Disturb us, Lord, when
We are too pleased with ourselves,
When our dreams have come true
Because we dreamed too little,
When we arrived safely
Because we sailed too close to the shore.
Disturb us, Lord, when
with the abundance of things we possess
We have lost our thirst
For the waters of life;
Having fallen in love with life,
We have ceased to dream of eternity
And in our efforts to build a new earth,
We have allowed our vision
Of the new Heaven to dim.
—Francis Drake (1577)
It’s 1992, at Emo’s in Austin. The opening act is the straight-ahead punk rock of DOA. The headliners: the Canadian math rockers, NoMeansNo.
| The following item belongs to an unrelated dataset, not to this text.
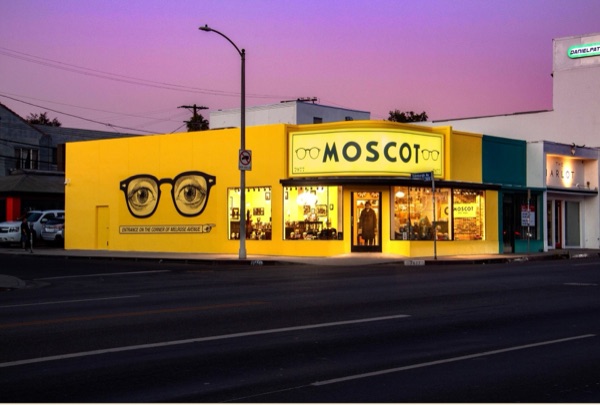 Former MOSCOT storefront at Melrose and Edinburgh at dusk, now leased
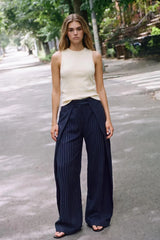 Wide-leg pleated trousers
Hours of intensity, at high volume, in a packed, sweaty crowd. Like being in a small room at Cambridge, with Wittgenstein relentlessly lecturing, hectoring. Or like getting caught in an electrical storm. Then, without warning, it’s over. The lights go up, the crowd starts to thin, I think about going home. But the two bands come back, together, and of all unlikely things, begin to play a dopey, sloppy rendition of "Ob-La-Di, Ob-La-Da.” In that crowded room, everything changes. It’s the same walls, the same floor. The same crowd, same musicians. But the night is now morning. It is a party. Like a punk rock Pentecost, where there had been angst, there is now only joy.
As 2017 dawns, the Trump Presidency looms. For me, Martin Luther King Jr. Day will be to get ready, to get clear, and to pray.
I pray not for comfort, nor deliverance that would leave others to drown. A white man has choices that others do not. So, I pray to be disturbed, to stay awake, to stick it out in the storm—because I don’t want the cheap grace of self-gratification. I want what comes to those who stay out in the storm. The Spirit that races through and then fills the whole room. I want liberty and justice for all in my country. That will ask of me—and of many of you—the discipline of discomfort.
May we be found in the storm, through the night, trusting that, if we are faithful, if we don’t check out too soon, where there was suffering and sorrow, there will one day be joy. And that, after a long night, the morning will come.
God of our hearts, who is there in the silence but also there in the storm, make us instruments of Your peace, which is not the absence of conflict, but the presence of justice. Give us the patience and foresight to understand that weeping may last through the night, but joy comes in the morning. Amen.